-
Notifications
You must be signed in to change notification settings - Fork 729
Description
Hi!
I have had some issues using InverseMelScale
Firstly, I used the transform on a Spectrogram, without taking the log or using AmplitudeToDB on the spectrogram. This resulted in very poor computational performance, taking ~3.5 mins to run on CPU (Core i5 desktop) and ~1.5 mins to run on GPU (NVIDIA gtx 970).
y, sr = torchaudio.load(demo_sample)
num_mels = 80
n_fft = 2048
hop = hop = int(12.5 * sr * 10**-3)
spectrogram = torchaudio.transforms.Spectrogram(n_fft, hop_length=hop, power=2., normalized=True)
s = spectrogram(y)
mel_scale = torchaudio.transforms.MelScale(num_mels, sr, n_stft=n_fft // 2 + 1)
mel = mel_scale(s)
estimated_spect = inverse_mel_scale(mel)
I think one problem is that the default value for tolerance_loss
in InverseMelScale is a hardcoded constant. This causes issues when the range of values within the input mel spect vary. In my case here, this tolerance is never met, resulting in very long runtimes.

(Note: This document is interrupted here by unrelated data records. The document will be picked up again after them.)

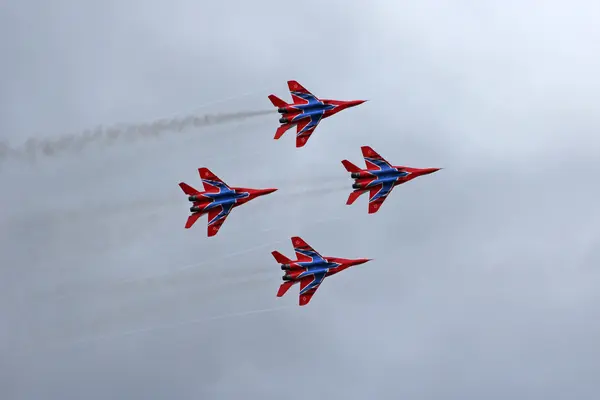 BARNAUL, RUSIA - 16 de agosto de 2015: Equipo acrobático Caballero ruso —  Fotos de Stock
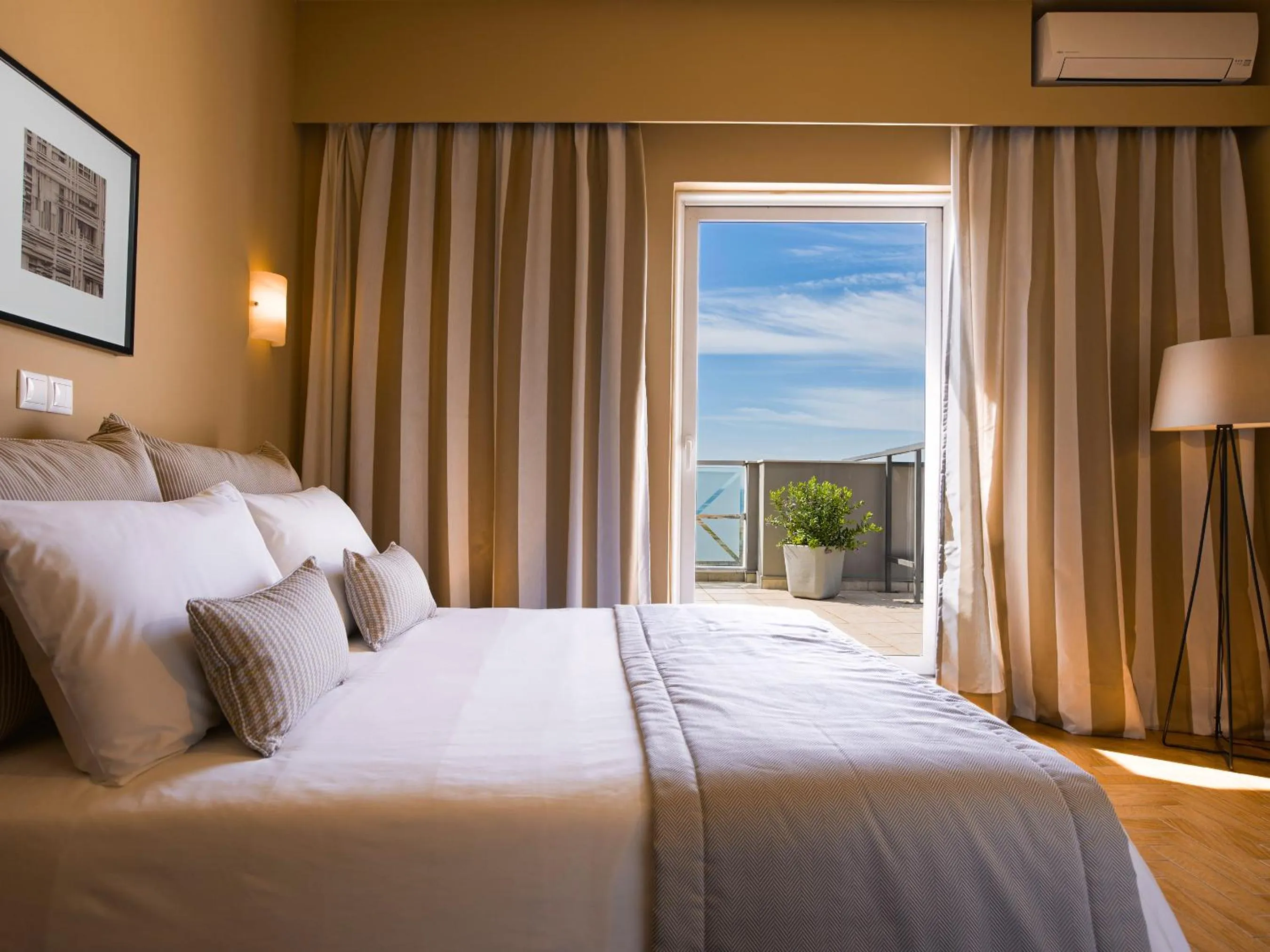 Bed in Hotel Delfini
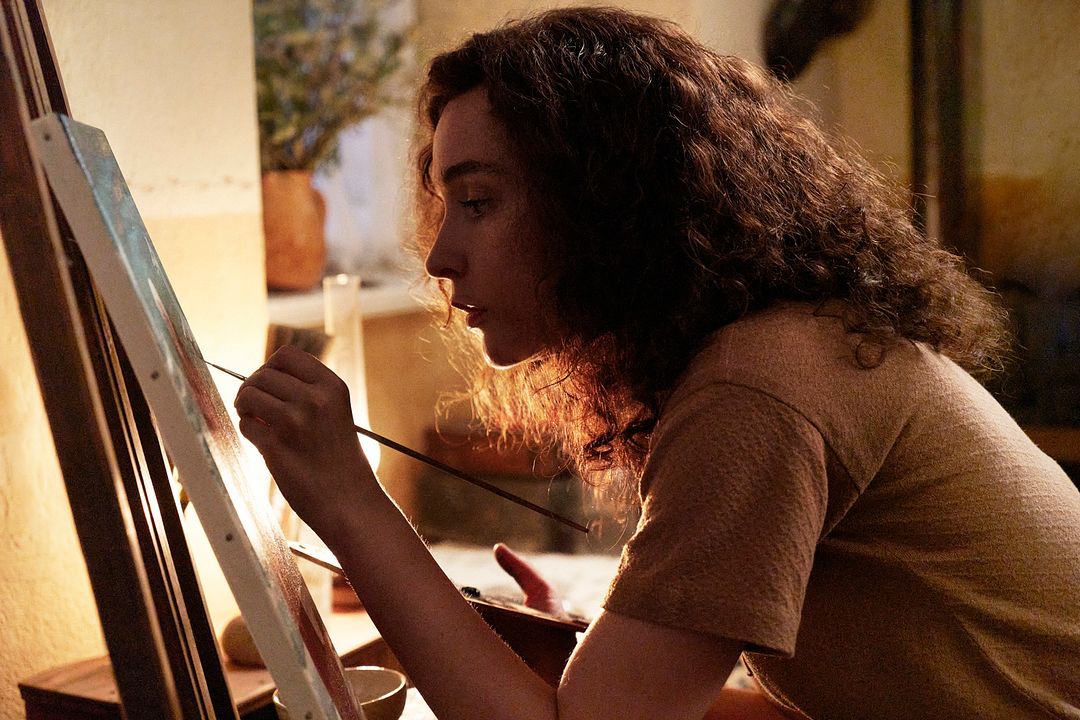 Leonora im Morgenlicht : Bild Olivia Vinall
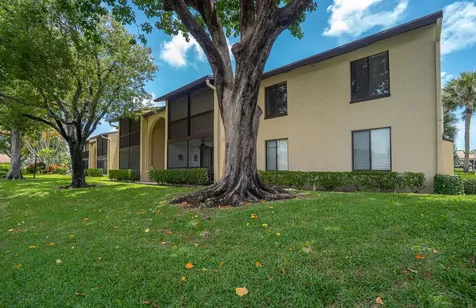 610 Sea Pine Way Greenacres FL 33415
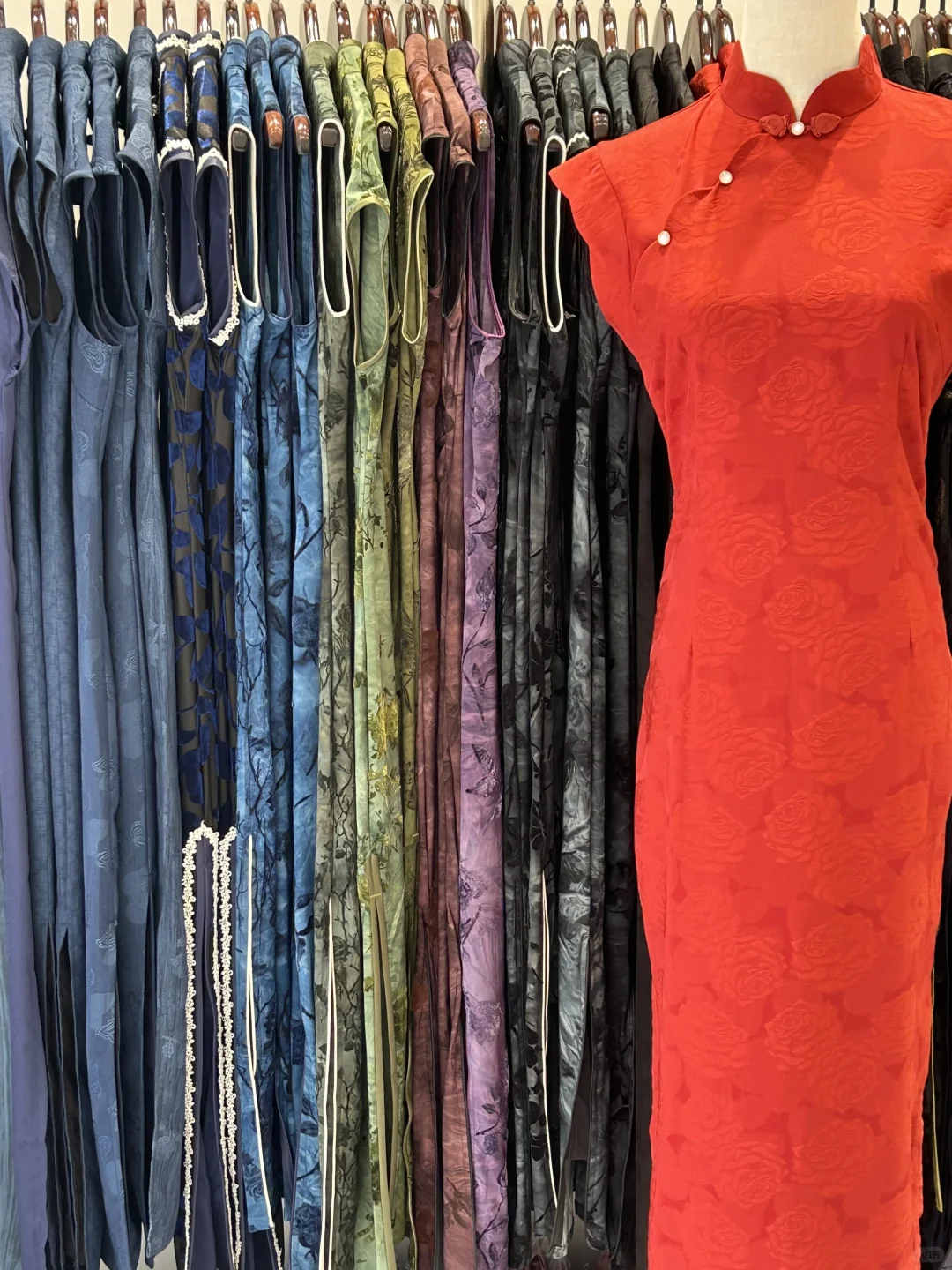 广西柳州五星街百元旗袍』买啦5⃣件❗满意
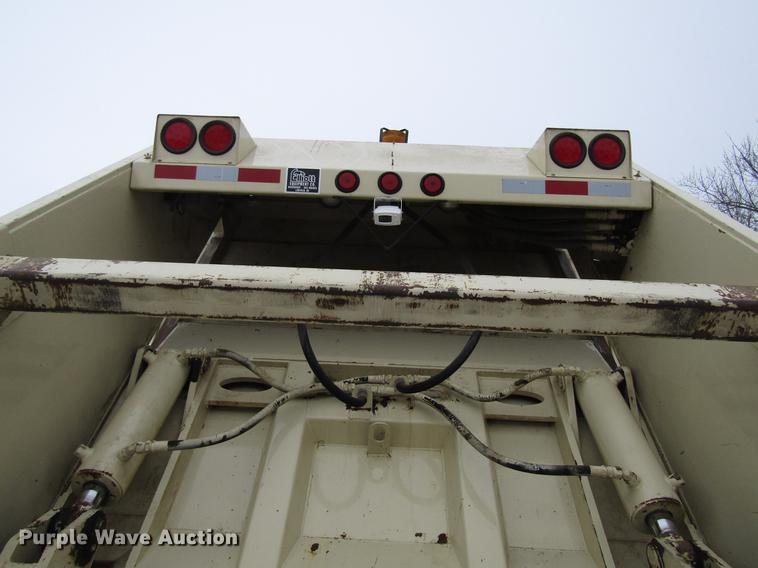 image for item EU9574 2005 Sterling L7500 refuse truck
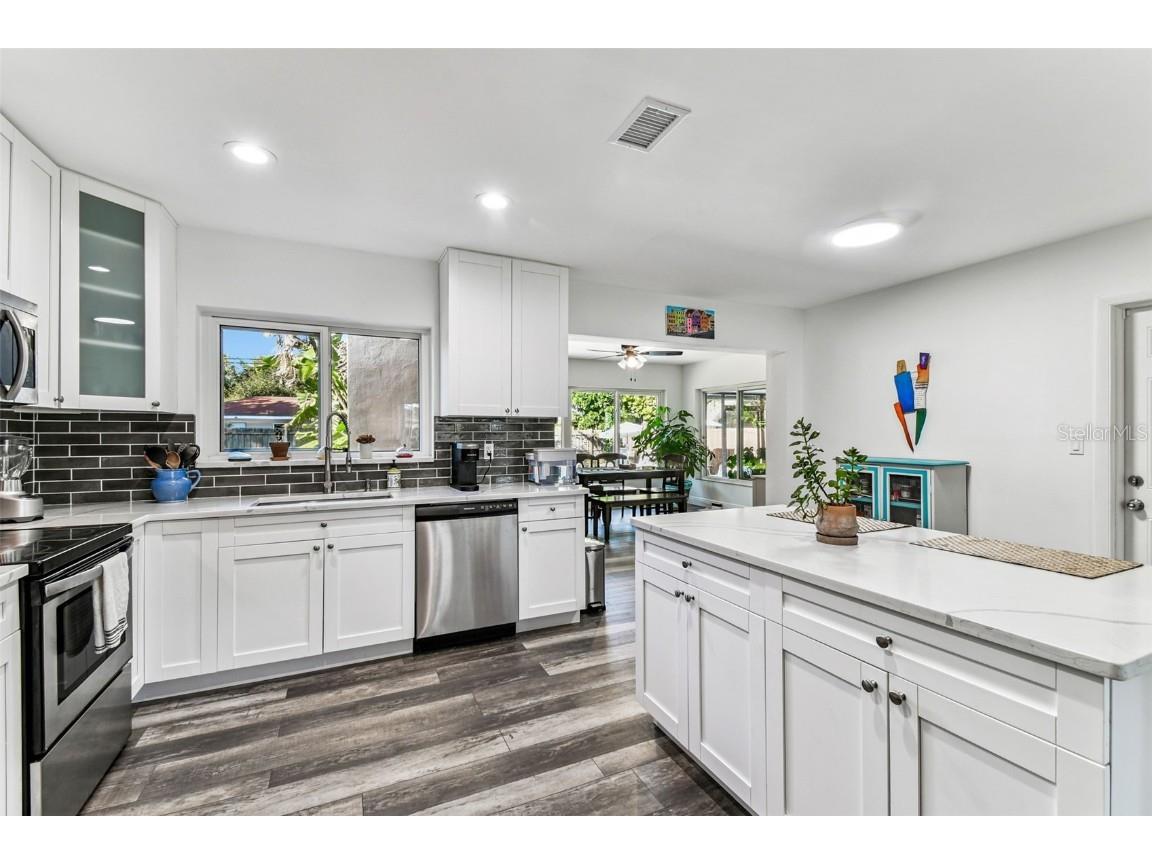 1540 Lime Street Clearwater FL 33756 W7880727 image7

It seems it is necessary to tune these hyperparameters to a specific input. If so, it would be useful if the documentation described (with an example) the kind of input the InverseMelScale transform is designed for (e.g. whether to normalise, whether to use AmplitudeToDB and with which parameters.)
This all caused me to look at the code for InverseMelScale and I have thought maybe there is a better way it could work...
We have the filter bank transformation matrix as defined above in mel_scale.fb
.
Calling this filter bank matrix F and the spectrogram s we have
F s = mel
This summarises the MelScale function. To invert this we can come up with an approximate inverse of the F matrix, F^+ (the Moore-Penrose pseudo inverse of F https://en.wikipedia.org/wiki/Moore%E2%80%93Penrose_inverse) such that
F^+ mel ≈ s
In code this looks like
F = mel_scale.fb.transpose(0,1)
F_plus = F.pinverse()
s_est = torch.matmul(F_plus, mel)
This pinverse() operation is efficient, and only needs to be performed once. All future inverse mel scale operations then become simple (differentiable!) matrix multiplications. I believe this will necessarily yield minimal MSE performance for a linear operation.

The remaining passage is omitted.